Traditionally the mobile communications ecosystem has followed a global define-standardize-develop-deploy/use cycle of technology commercialization. Based on recently identified technology trends by the United Nations’ International Telecommunication Union Radiocommunication (UN ITU-R) Sector, in 2023 the UN ITU-R will provide a global vision for international mobile telecommunications (IMT) towards 2030 and beyond which will serve as the starting point for the 6G definition. This vision will be followed by a definition of requirements at a later stage and currently provides a basis for the standardization process to produce technology releases for the parallel development of 6G solutions by the technology vendors, ensuring backward compatibility with earlier technology generations and global compatibility of the solutions between different vendors whose solutions will be deployed and utilized by mobile operators. The operators’ activities will be regulated by national regulatory bodies that grant operators licences to use the radio spectrum necessary for providing the service.
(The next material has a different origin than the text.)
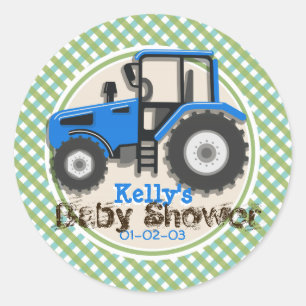 Cute Blue Farm Tractor; Green Plaid Baby Shower Classic Round Sticker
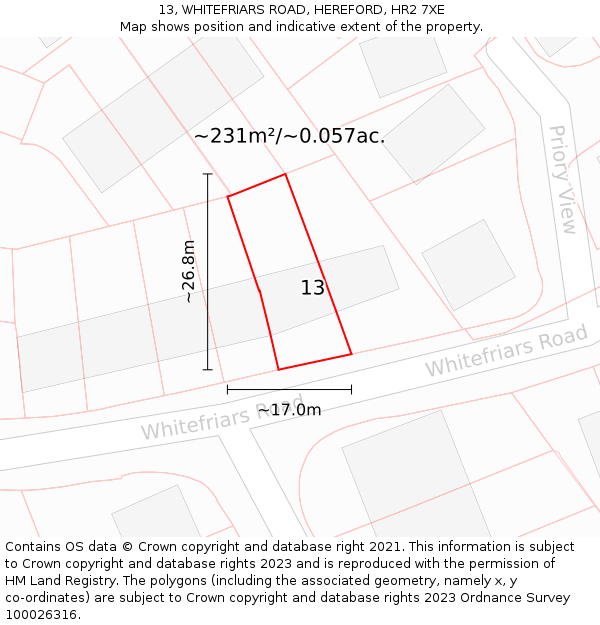 13, WHITEFRIARS ROAD, HEREFORD, HR2 7XE: Plot and title map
Up to 4G, BMs and BMI within the mobile communications ecosystem have remained relatively stable and dominated by the technology perspective. However, the currently developed and deployed 5G, and especially the future 6G, are expected to disrupt the employed BMs and the whole ecosystem. For the 5G use case definitions, the ITU-R adopted a service-centric approach. This definition opened the opportunity to change from connectivity-centric BMs toward various connectivity plus bundled content (data-based), context (location-based or service-specific), and commerce (platform) BMs and offering the whole network as a service (NaaS). In parallel, this development has disrupted the ecosystem by enabling new entrants, such as factories, to run their own local private 5G networks. Additionally, other technologies such as cloud computing, AI, and Web3 have started to converge with or complement 5G.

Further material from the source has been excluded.